Aim of the exercise: Leaving out pictures, output exactly the lines below from the one that has "개막식 아레나 장에 참석한 잼버리 참가자들, 김영창 기자" through the one that has "Червоний Рено Меган, об'ємом", and nothing else.

Segment Start: Supplied material

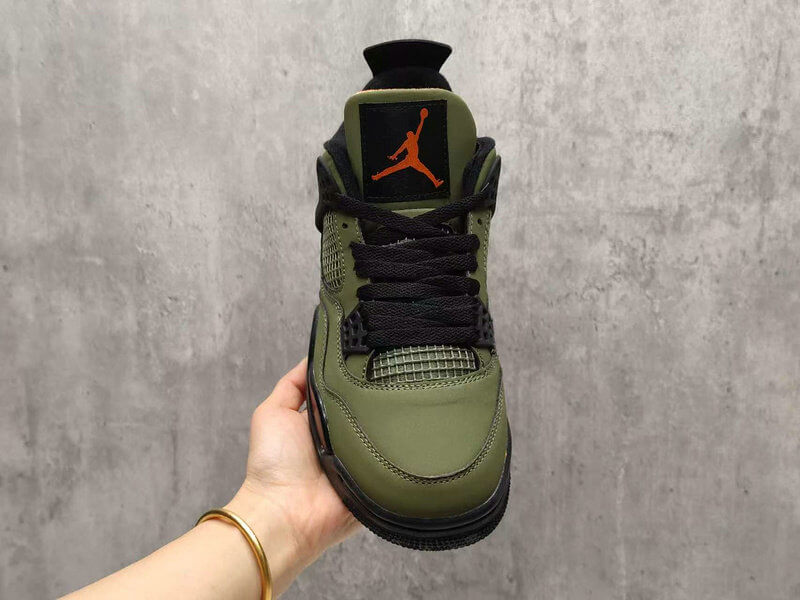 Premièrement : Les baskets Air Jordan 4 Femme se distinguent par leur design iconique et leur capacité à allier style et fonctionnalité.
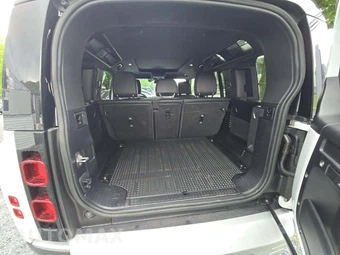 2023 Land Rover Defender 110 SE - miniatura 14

Segment End: Supplied material
Segment Start: Supplied material

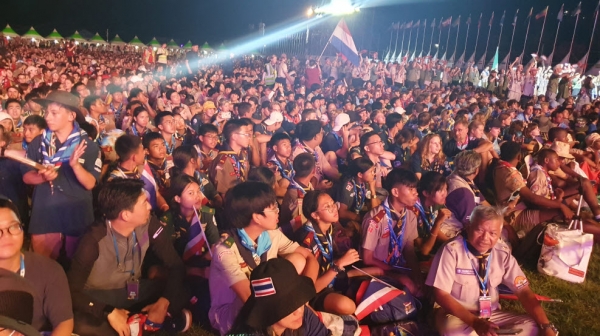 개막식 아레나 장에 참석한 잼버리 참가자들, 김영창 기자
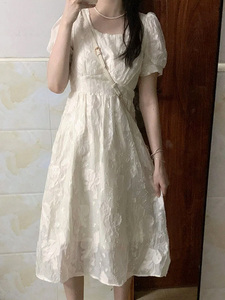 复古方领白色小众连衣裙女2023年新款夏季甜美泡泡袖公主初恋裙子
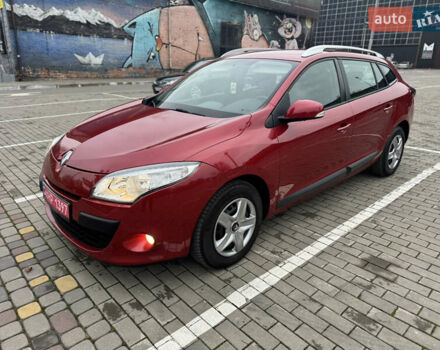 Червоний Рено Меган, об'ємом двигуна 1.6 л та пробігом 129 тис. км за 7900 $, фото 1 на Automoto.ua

Segment End: Supplied material

Response to the exercise:
 개막식 아레나 장에 참석한 잼버리 참가자들, 김영창 기자
 复古方领白色小众连衣裙女2023年新款夏季甜美泡泡袖公主初恋裙子
 Червоний Рено Меган, об'ємом двигуна 1.6 л та пробігом 129 тис. км за 7900 $, фото 1 на Automoto.ua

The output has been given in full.